The space complexity depends on how many unique characters can exist simultaneously inside the sliding window. In the worst case, all characters are distinct.
Test Cases
solution = Solution()
assert solution.lengthOfLongestSubstring("") == 0
# Empty string
assert solution.lengthOfLongestSubstring("a") == 1
# Single character
assert solution.lengthOfLongestSubstring("bbbbb") == 1
# All characters identical
assert solution.lengthOfLongestSubstring("abcabcbb") == 3
# Repeating pattern
assert solution.lengthOfLongestSubstring("pwwkew") == 3
# Duplicate inside sliding window
assert solution.lengthOfLongestSubstring("abcdef") == 6
# All unique characters
assert solution.lengthOfLongestSubstring("abba") == 2
# Duplicate forces multiple left shifts
assert solution.lengthOfLongestSubstring("dvdf") == 3
# Window shrinks and expands correctly
assert solution.lengthOfLongestSubstring(" ") == 1
# Single space character
assert solution.lengthOfLongestSubstring("aab") == 2
# Duplicate at beginning
assert solution.lengthOfLongestSubstring("tmmzuxt") == 5
# Longest substring appears near the end
assert solution.lengthOfLongestSubstring("anviaj") == 5
# Complex overlapping duplicates
assert solution.lengthOfLongestSubstring("abcdefghijklmnopqrstuvwxyz") == 26
# Large unique substring
| Test | Why |
|---|---|
"" |
Validates empty input handling |
"a" |
Smallest non empty string |
"bbbbb" |
All characters repeated |
"abcabcbb" |
Standard repeating pattern |
"pwwkew" |
Validates true substring handling |
"abcdef" |
Entire string is valid |
"abba" |
Tests repeated character inside active window |
"dvdf" |
Ensures shrinking logic works correctly |
" " |
Confirms spaces are treated as characters |
"aab" |
Duplicate at the beginning |
"tmmzuxt" |
Longest substring appears later |
"anviaj" |
Overlapping duplicate regions |
"abcdefghijklmnopqrstuvwxyz" |
Large fully unique substring |
Edge Cases
Empty String
An empty string is an important boundary case because there are no substrings at all. A buggy implementation might incorrectly return 1 or attempt invalid indexing operations.

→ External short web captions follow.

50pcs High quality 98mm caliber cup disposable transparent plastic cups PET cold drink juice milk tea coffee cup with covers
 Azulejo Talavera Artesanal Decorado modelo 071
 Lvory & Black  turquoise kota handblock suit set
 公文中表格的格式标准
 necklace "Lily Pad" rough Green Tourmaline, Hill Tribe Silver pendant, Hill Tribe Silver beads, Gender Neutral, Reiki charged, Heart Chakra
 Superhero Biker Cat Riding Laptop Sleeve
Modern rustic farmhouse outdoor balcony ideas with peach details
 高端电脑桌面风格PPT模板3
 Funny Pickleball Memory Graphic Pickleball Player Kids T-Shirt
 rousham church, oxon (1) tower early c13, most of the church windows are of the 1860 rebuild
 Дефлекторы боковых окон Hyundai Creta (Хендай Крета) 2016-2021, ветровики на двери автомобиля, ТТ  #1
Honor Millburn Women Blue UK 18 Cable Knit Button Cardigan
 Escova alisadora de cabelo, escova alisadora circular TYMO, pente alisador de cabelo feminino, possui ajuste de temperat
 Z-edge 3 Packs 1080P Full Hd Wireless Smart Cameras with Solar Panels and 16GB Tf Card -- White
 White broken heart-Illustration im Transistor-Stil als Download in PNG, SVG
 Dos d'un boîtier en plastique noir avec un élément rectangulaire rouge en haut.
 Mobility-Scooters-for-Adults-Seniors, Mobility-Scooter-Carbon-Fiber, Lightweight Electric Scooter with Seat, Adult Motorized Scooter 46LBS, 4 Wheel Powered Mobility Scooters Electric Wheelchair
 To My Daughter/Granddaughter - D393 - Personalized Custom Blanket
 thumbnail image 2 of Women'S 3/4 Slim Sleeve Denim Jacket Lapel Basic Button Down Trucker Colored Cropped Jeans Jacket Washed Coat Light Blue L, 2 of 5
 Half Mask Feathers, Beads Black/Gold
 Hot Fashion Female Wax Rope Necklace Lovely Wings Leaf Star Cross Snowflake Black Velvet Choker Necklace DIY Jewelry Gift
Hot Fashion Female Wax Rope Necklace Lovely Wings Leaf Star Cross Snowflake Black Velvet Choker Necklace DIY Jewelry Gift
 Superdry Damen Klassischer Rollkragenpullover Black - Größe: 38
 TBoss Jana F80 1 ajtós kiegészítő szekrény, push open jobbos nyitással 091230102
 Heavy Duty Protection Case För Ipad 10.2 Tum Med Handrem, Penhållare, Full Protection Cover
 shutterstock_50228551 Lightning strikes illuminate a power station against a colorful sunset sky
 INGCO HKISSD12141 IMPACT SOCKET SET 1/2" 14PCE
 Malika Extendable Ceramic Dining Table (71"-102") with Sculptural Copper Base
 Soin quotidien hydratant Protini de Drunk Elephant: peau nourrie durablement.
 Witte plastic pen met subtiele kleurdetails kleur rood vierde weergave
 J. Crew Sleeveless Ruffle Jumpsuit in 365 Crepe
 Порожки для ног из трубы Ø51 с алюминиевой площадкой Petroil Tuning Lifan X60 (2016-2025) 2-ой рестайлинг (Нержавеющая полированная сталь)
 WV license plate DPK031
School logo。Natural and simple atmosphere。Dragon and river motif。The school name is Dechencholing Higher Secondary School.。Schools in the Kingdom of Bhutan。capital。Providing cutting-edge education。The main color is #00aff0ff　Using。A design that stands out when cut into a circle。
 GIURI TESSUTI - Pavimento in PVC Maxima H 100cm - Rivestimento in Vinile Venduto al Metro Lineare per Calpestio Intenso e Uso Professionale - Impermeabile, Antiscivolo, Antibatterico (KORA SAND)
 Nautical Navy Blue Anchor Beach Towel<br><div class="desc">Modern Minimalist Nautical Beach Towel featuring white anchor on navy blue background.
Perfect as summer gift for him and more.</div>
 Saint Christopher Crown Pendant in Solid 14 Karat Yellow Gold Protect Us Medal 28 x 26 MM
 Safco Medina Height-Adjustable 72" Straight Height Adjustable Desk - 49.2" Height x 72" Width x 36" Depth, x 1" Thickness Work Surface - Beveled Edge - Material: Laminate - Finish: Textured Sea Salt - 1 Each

This implementation handles the case naturally. The loop never executes, max_length remains 0, and the correct answer is returned.
All Characters Repeated
A string like "bbbbbb" can expose bugs in window shrinking logic. Some incorrect implementations fail to remove duplicates properly and may incorrectly report larger window sizes.
Here, the while loop guarantees that duplicates are removed before the current character is reinserted. The window size never exceeds 1.
Duplicate Appears Inside Current Window
Cases such as "abba" are tricky because removing only one character is not always enough. When processing the second 'b', the window must continue shrinking until the earlier 'b' is fully removed.
The implementation correctly uses a while loop instead of a single if statement. This ensures the window is fully cleaned before continuing.
Long Unique Segment Near the End
In inputs such as "tmmzuxt", the longest substring appears late in the string rather than near the beginning.
The algorithm continuously updates max_length throughout the scan, so it correctly captures longer windows regardless of where they occur.